January 27, 1994|KATHERINE TURMAN

After Vince Neil was fired by big-time metal band Motley Crue in 1992, he launched a solo career that sputtered badly. Now he's resurfaced with a new Tuesday evening rock club called Ruby Tuesday's, held at the tony Bar One on the west end of the Sunset Strip.

This relatively low-pressure situation could be a good way for the flashy performer to renew his rock 'n' roll spirits, but Tuesday's loose 25-minute set was anything but fun.
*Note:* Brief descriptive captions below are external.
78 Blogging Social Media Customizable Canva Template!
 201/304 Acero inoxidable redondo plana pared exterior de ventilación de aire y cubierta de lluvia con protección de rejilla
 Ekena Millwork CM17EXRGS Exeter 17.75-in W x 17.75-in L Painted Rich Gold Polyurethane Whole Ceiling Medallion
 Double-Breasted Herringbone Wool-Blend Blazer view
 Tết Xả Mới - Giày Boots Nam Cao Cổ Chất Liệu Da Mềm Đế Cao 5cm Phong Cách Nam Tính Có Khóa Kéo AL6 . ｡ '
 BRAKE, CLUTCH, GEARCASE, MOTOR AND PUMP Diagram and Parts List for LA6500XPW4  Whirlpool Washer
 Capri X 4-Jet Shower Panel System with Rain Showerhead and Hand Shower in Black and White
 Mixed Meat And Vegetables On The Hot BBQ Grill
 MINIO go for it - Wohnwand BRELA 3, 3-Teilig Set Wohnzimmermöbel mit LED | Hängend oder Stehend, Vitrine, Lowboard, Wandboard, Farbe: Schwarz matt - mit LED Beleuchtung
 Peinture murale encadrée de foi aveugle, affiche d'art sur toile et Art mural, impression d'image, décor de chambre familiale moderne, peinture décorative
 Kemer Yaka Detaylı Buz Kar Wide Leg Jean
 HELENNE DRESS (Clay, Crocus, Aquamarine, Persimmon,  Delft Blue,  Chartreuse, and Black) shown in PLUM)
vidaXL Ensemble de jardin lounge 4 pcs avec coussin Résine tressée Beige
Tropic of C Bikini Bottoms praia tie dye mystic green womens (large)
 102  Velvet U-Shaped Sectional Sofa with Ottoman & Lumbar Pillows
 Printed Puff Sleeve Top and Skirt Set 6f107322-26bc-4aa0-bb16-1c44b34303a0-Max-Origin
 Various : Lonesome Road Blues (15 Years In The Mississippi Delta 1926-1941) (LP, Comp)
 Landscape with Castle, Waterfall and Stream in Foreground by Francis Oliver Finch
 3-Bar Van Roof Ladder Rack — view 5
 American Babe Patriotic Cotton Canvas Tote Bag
Instead of inspired spontaneity, an air of forced joviality prevailed as Neil and two members of his regular band (absent were star guitarist Steve Stevens and drummer Vikki Foxx) offered a smattering of Crue hits, including "Dr. Feelgood," "Girls, Girls, Girls" and a faltering version of "Kickstart My Heart."

The low ceiling and floor-level stage impeded visibility, and the club's strong sound system magnified every instrumental and vocal glitch. Neil is a basically adequate metal singer, but this format didn't bring out the best in his voice, or in the material.

In the tradition of the defunct China Club, Ruby Tuesday's is being touted as an upscale ($15 admission, $5 beers) pro-jam situation, with Neil serving as the figurehead as local luminaries drop in for impromptu sets. With old-school metal out of vogue, it seems likely that when the initial curiosity wears off, it will be goodby Ruby Tuesday's.